We often receive applications questions relating to the power supply, input and output voltage range capabilities of our op amps. It can be confusing so here is an attempt to sort it out:
First, common op amps don’t have ground terminals. A standard op amp does not “know” where ground is so it cannot know whether it is operating from a dual supply (±) or from a single power supply. As long as the power supply, input and output voltages are within their operating ranges, all is good.
Here are the three critical voltage ranges to consider:
- The total supply voltage range. This is total voltage between the two supply terminals. For example, ±15V is a total of 30V. The operating voltage range for an op amp might be, for example, 6V to 36V. At the low voltage extreme this could be ±3V or +6V. At maximum, ±18V or +36V or even ‑6V/+30V. Yes, unbalanced supplies are okay if you heed points 2 and 3 below.
- The input common-mode voltage range (C-M range) is generally specified relative to the positive and negative supply voltages, shown graphically in figure 1. In some equation-like form, C-M range of this hypothetical op amp would be described as 2V above the negative rail to 2.5V below the positive rail. Something like this… (V-)+2V to (V+)–2.5V.
- The output voltage range (or output swing capability) is. again, commonly specified relative to the rail voltages. In this case, (V-)+1V to (V+)–1.5V.

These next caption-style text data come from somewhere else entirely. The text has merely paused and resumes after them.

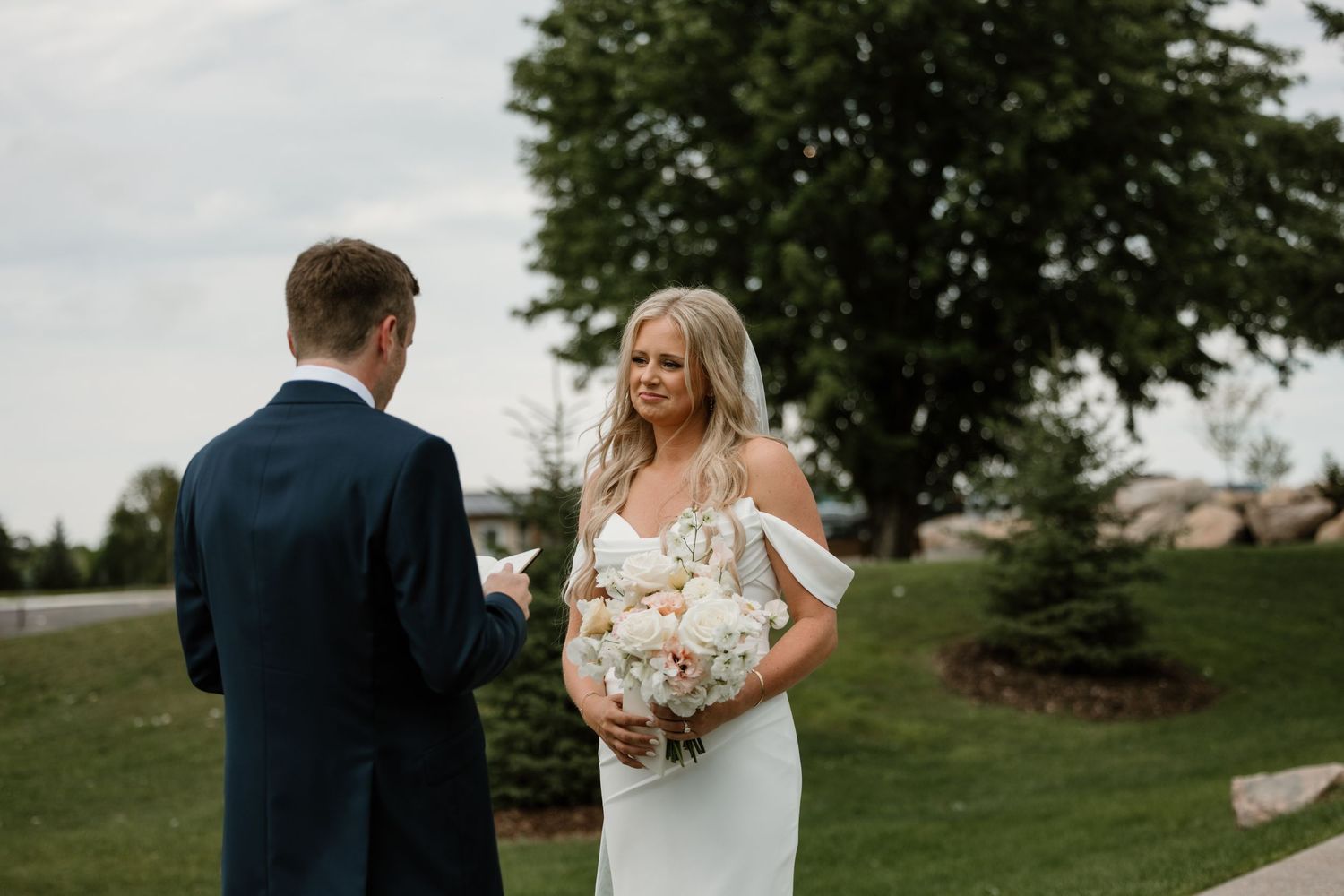 Couple in wedding attire embracing in a lush green outdoor setting at sunset.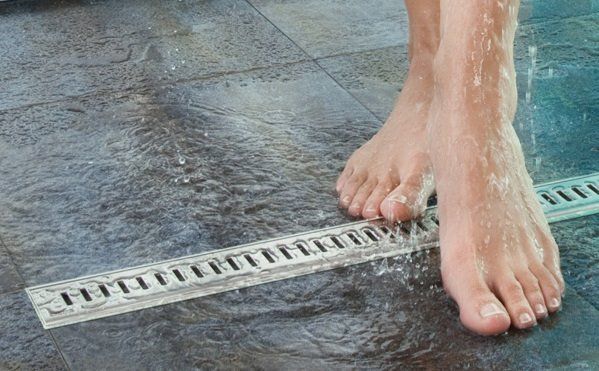 A person is standing in a shower with their feet in the water.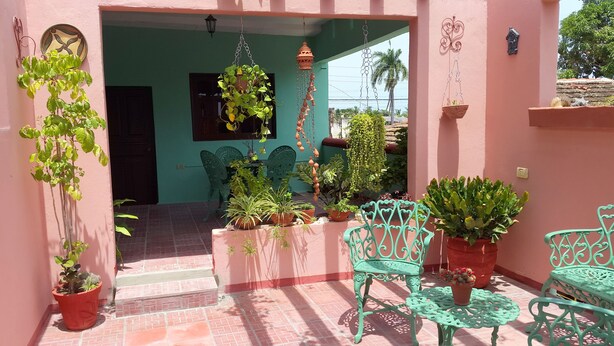 A patio with potted plants, a hanging wind chime, and green metal chairs. - Hostal Restaurante La Rosa (Trinidad)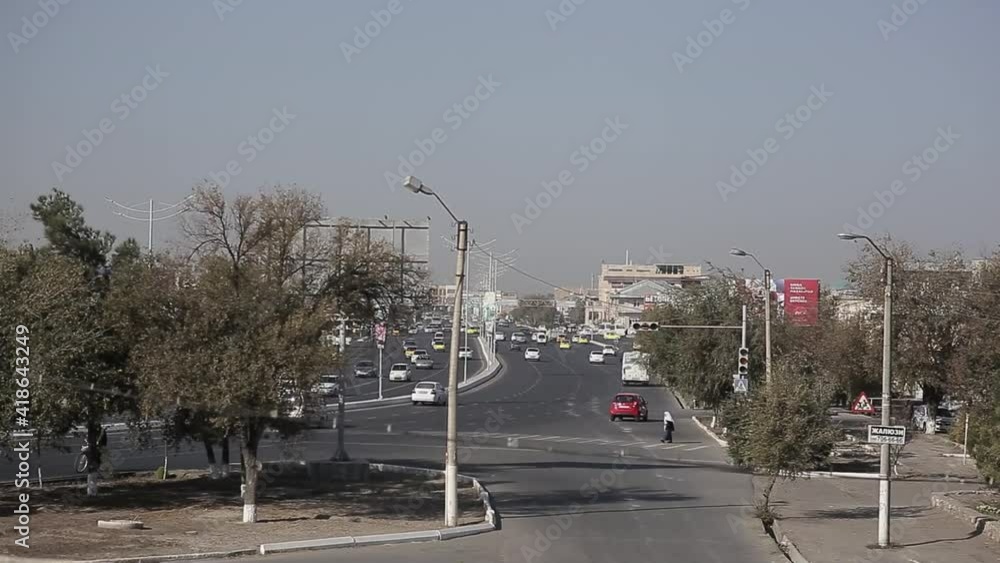 traffic in the city . cars on city . Asian city . noisy traffic. city road . car road. asian traffic . uzbekistan. traffic in the city . cars on city . Asian city . noisy traffic. city road . car road. asian traffic . uzbekistan.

These examples (figures 1, 2, 3) are shown in a G=1 buffer configuration. A key point here… the output capability of this example in figure 1 will be limited to 2V from the negative rail and 2.5V from the positive rail and due to the limited input C-M range. This op amp would need to be configured in a higher gain to deliver its full output voltage range.

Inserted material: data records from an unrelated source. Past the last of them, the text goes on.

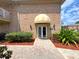Brick building with a tan awning above the double door entrance, and manicured landscaping, and a brick walkway at 2426 Branch Way # 200, Maitland, FL 32751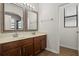 Bathroom with double vanity, two mirrors, tiled floor, and natural light at 10111 Tierra Bella Dr, Orlando, FL 32825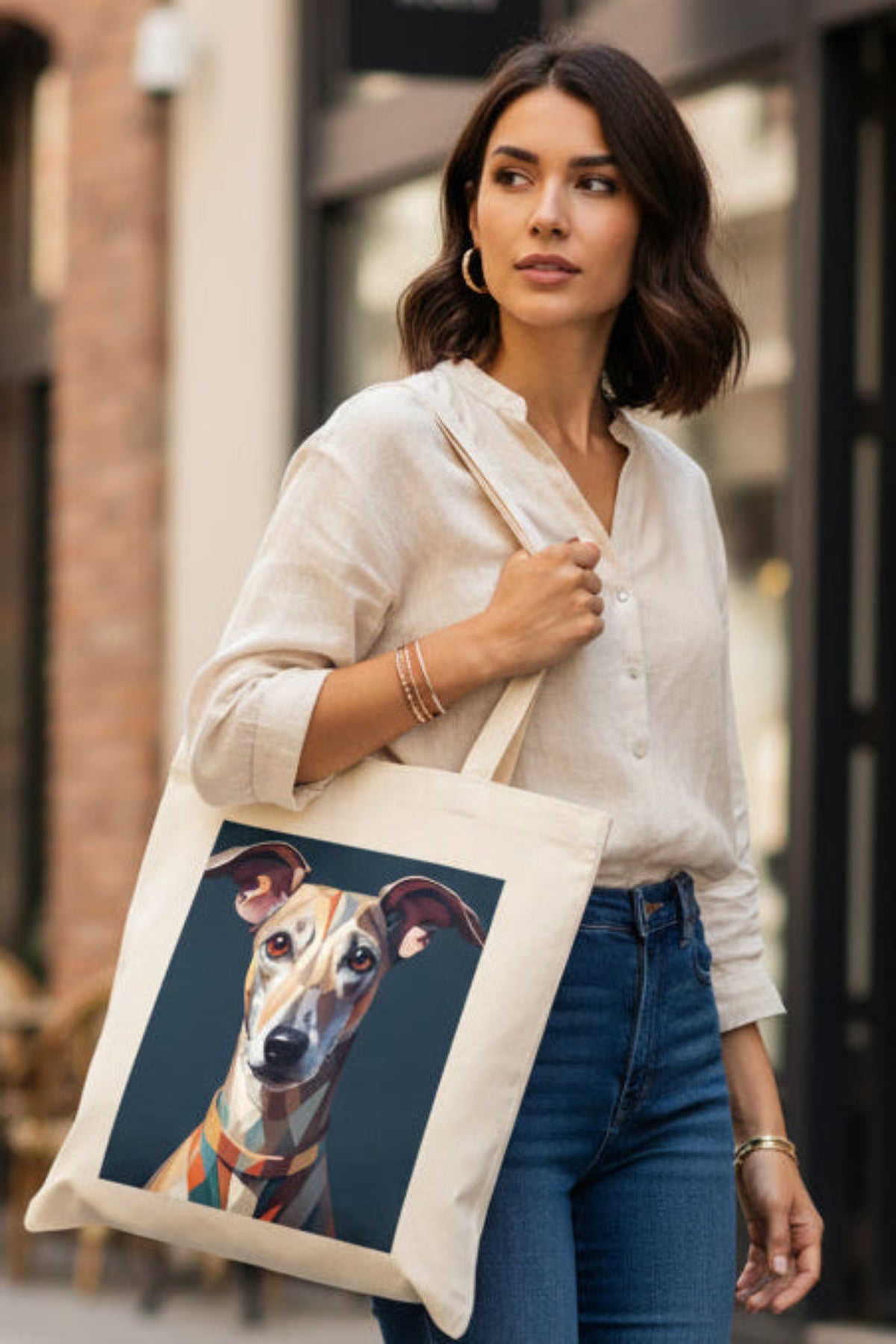 A cream-colored canvas tote bag featuring a stylized geometric art print of an Italian Greyhound dog on the front, set against a plain white background.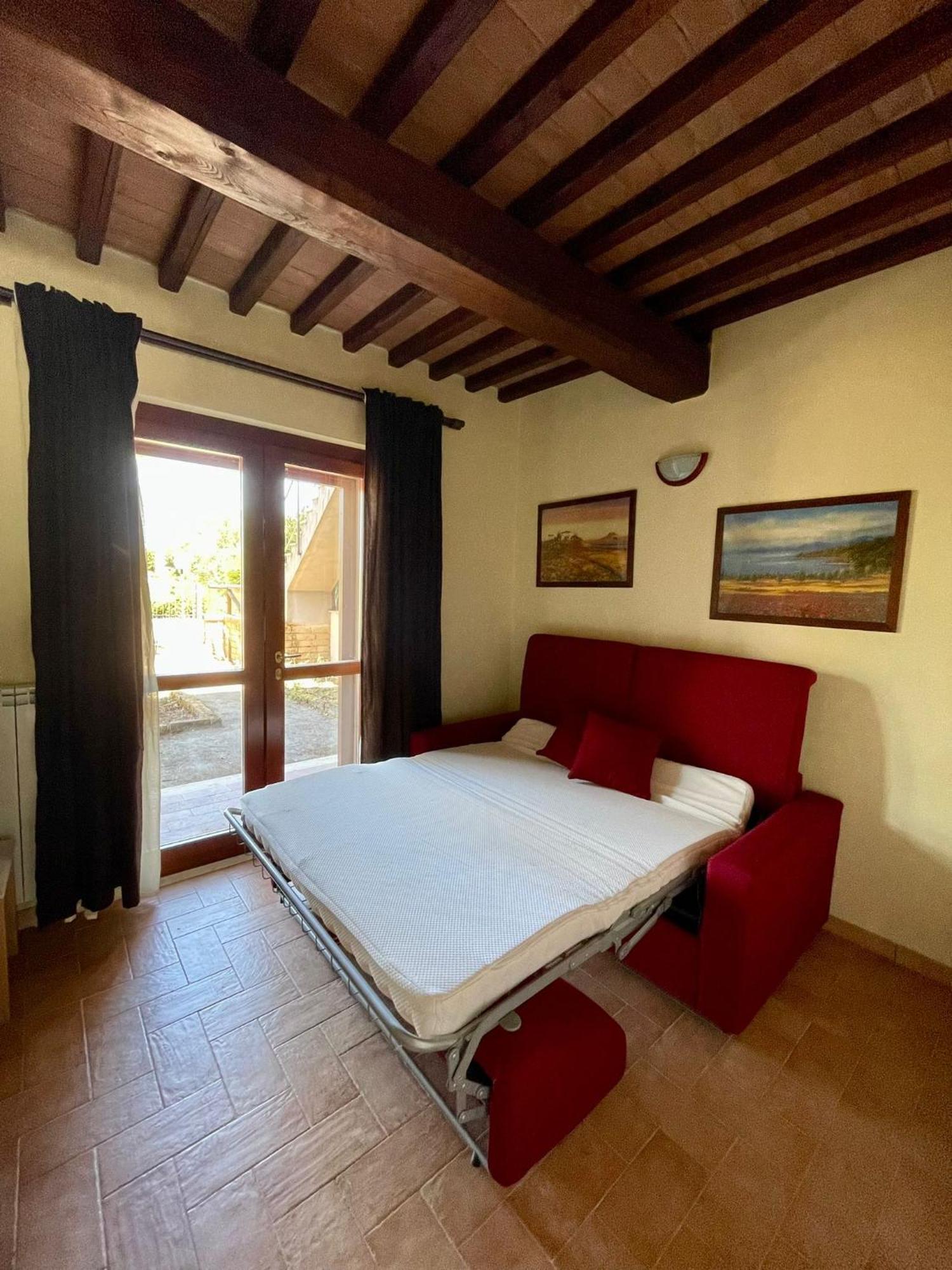 Апартаменты Saturnia House Поджио-Мурелла Экстерьер фото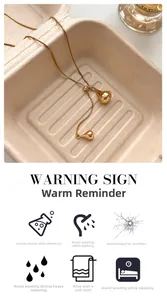 Detail of elegant gold double water drop pendant on thin chain with jewelry care icons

The example in Figure 1 is typical of an op amp generally used on dual ± supplies. It would not be called a “single supply” type but it certainly could be operated on a single supply just by staying within these ranges.

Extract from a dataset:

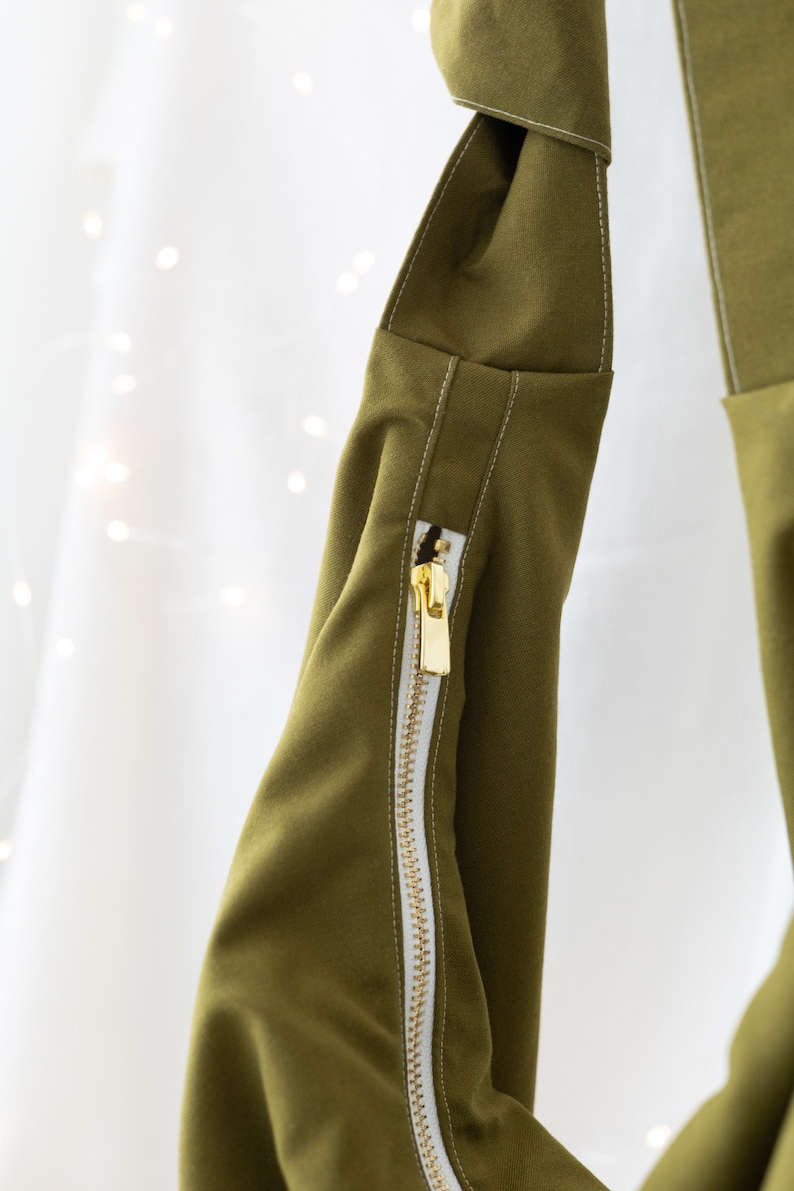 May include: A green fabric bag with a white zipper and white stitching. The bag has a fold-over top and a long strap.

Figure 2 shows a so-called single supply op amp. It has a C-M range that extends to, and often slightly below the negative rail. This allows its use in a wider range of circuits that operate close to ground. So an op amp that is not called “single supply” could be used in some single supply circuits but a true single-supply type is more versatile in these applications.
In this G=1 buffer circuit, this op amp would could produce an output swing of 0.5V from the V- rail (limited by output capability) and 2.2V from the V+ rails (limited by the input C-M range).
Figure 3 shows a “rail-to-rail” op amp. It can operate with input voltage equal to or even slightly beyond both supply voltage rails as shown in figure 3. Rail-to-rail output means that output voltage can swing very close to the rails, often within a 10mV to 100mV from the supply rails. Some op amps claim only a rail-to-rail output, lacking the input characteristics shown in figure 3. Rail-to-rail op amps are very commonly used on single 5V supplies and lower because they maximize signal voltage capability on their limited supply range.
Rail-to-rail op amps are appealing because they ease signal voltage constraints but they are not always the best choice. Like other of life’s choices there are often tradeoffs with other performance attributes. But that’s why you are an analog designer. Your life is full of complex issues and tradeoffs and you love it!